Top of The data

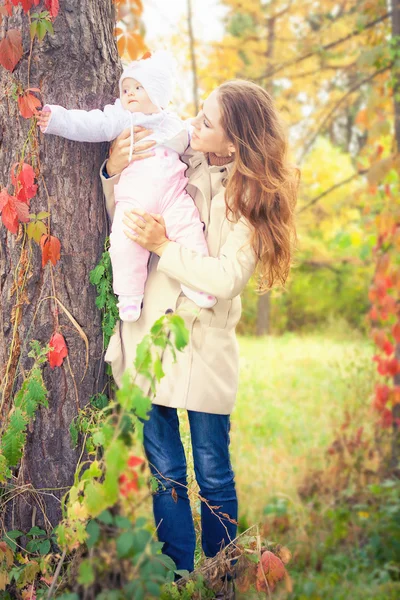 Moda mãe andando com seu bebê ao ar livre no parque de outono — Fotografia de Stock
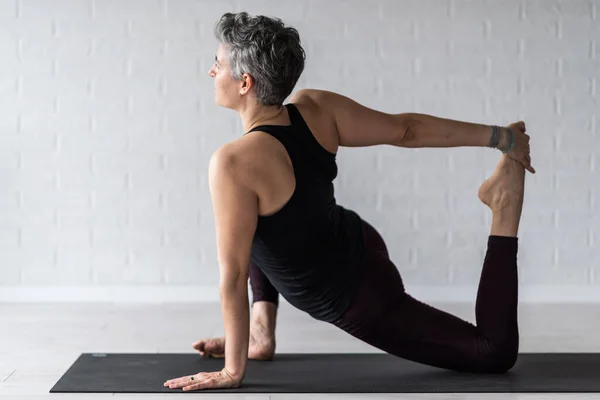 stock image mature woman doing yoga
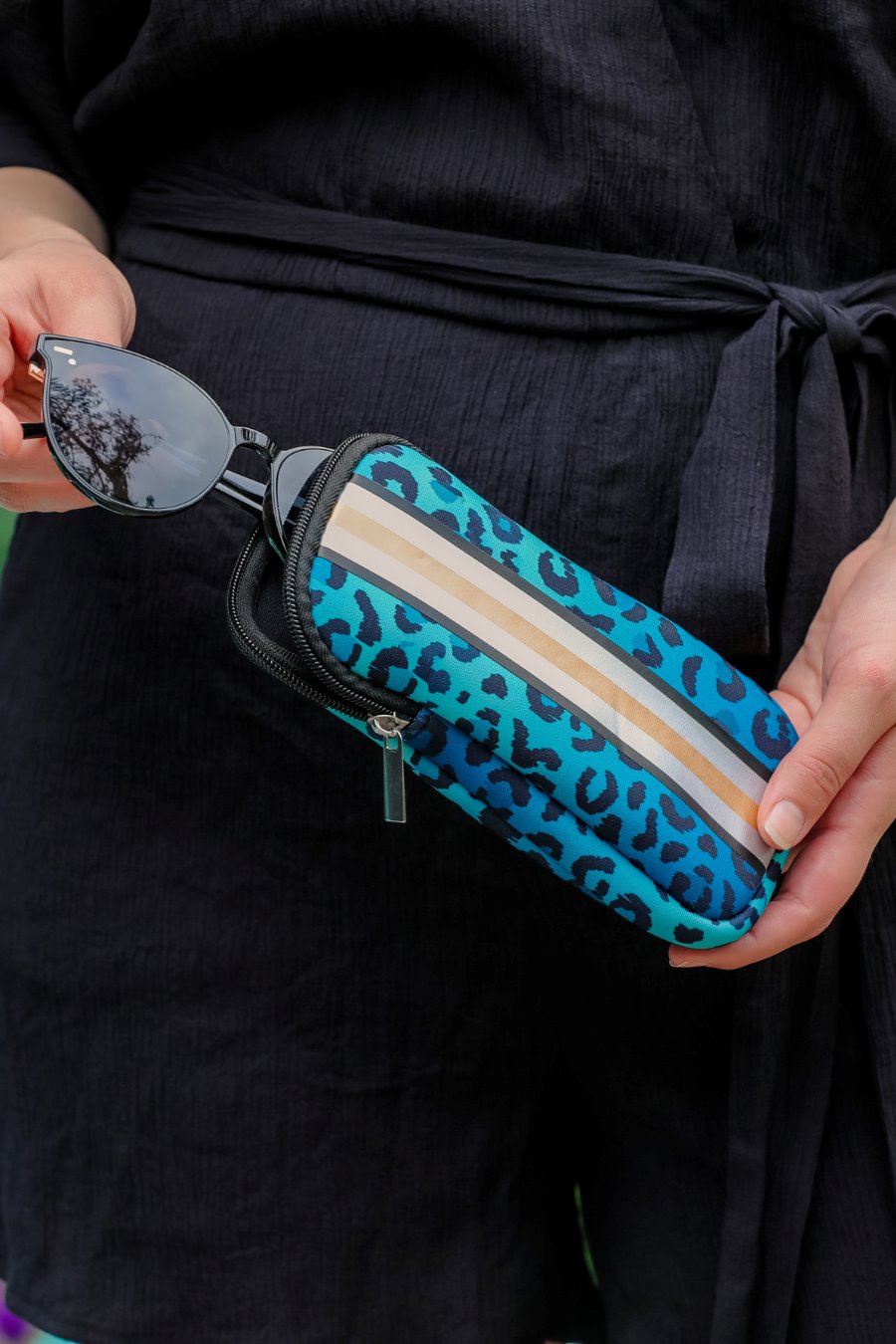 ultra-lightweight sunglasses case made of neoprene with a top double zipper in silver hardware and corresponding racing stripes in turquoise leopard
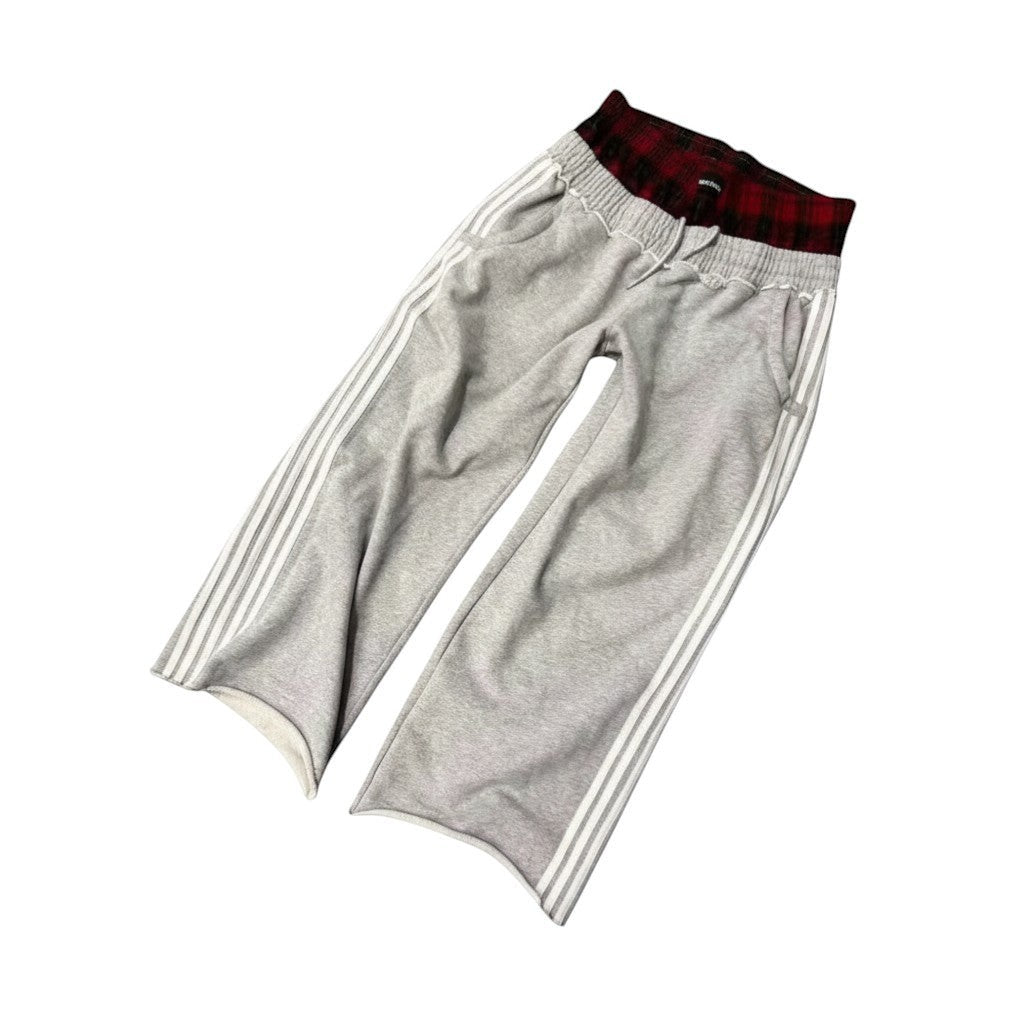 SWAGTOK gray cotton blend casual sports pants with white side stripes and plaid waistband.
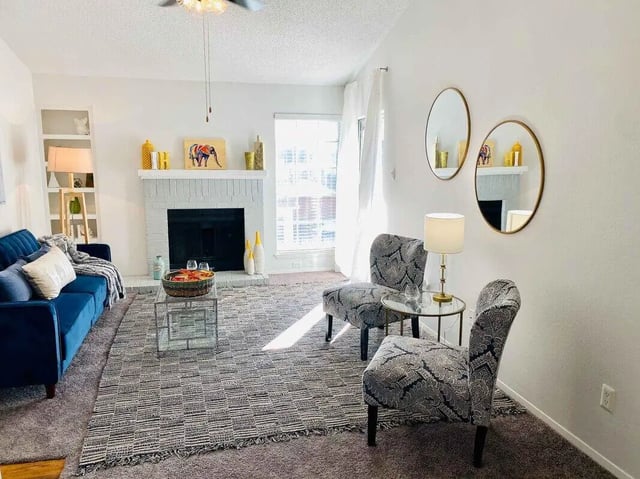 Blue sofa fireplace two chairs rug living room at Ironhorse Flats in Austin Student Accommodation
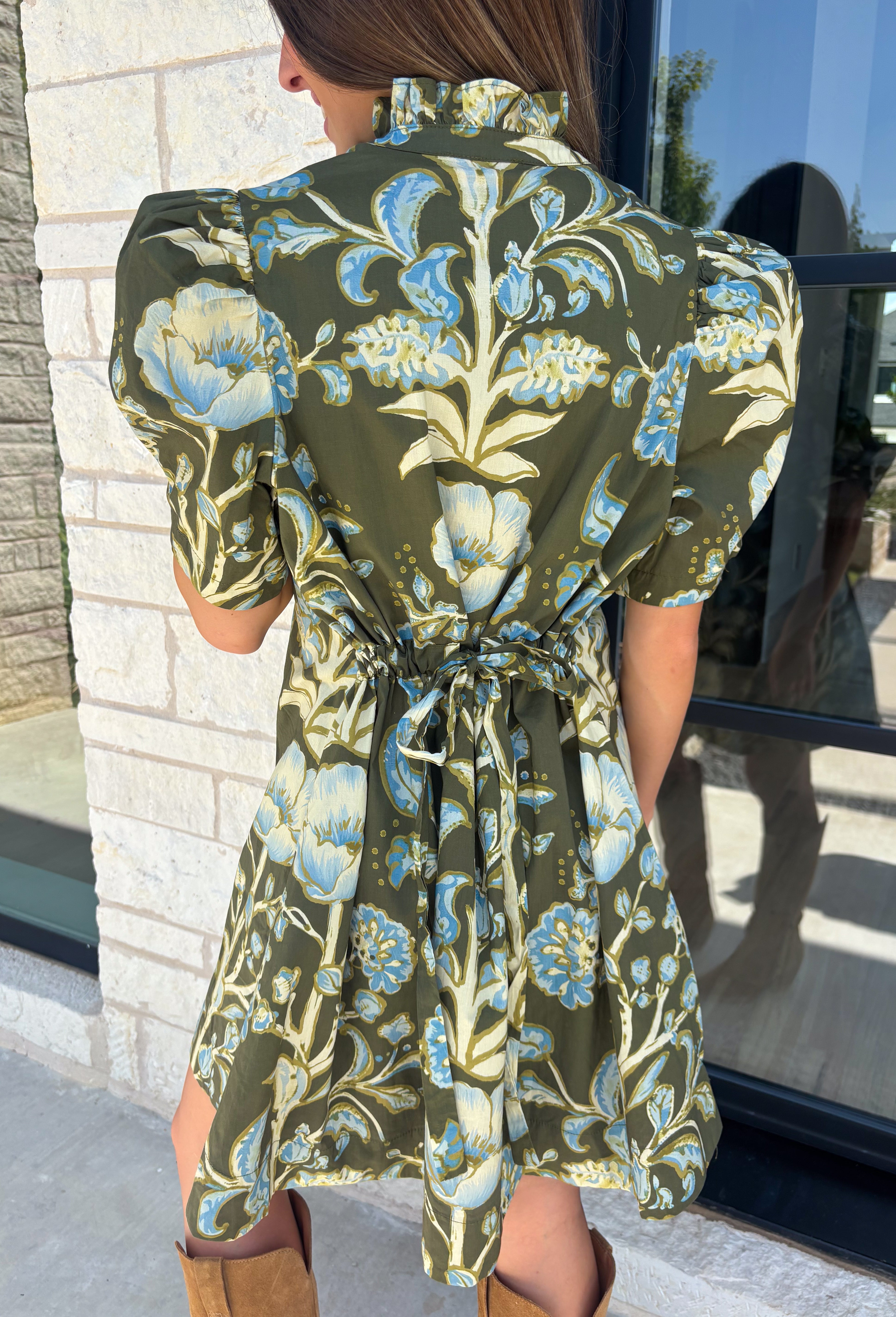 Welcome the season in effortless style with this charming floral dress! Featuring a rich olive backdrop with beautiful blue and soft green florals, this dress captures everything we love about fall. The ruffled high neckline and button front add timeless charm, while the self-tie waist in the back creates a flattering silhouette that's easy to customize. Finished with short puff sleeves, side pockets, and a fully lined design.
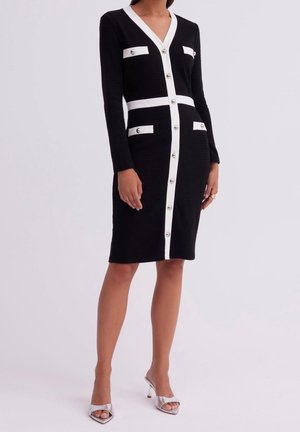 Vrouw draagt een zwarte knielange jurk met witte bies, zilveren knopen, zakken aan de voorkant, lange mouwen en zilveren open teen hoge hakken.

Bottom of The data

Please, without any pictures, write out exactly the lines of the listing from its first line through the line that holds "Blue sofa fireplace", ends included, and nothing beyond them.

 Moda mãe andando com seu bebê ao ar livre no parque de outono — Fotografia de Stock
 stock image mature woman doing yoga
 ultra-lightweight sunglasses case made of neoprene with a top double zipper in silver hardware and corresponding racing stripes in turquoise leopard
 SWAGTOK gray cotton blend casual sports pants with white side stripes and plaid waistband.
 Blue sofa fireplace two chairs rug living room at Ironhorse Flats in Austin Student Accommodation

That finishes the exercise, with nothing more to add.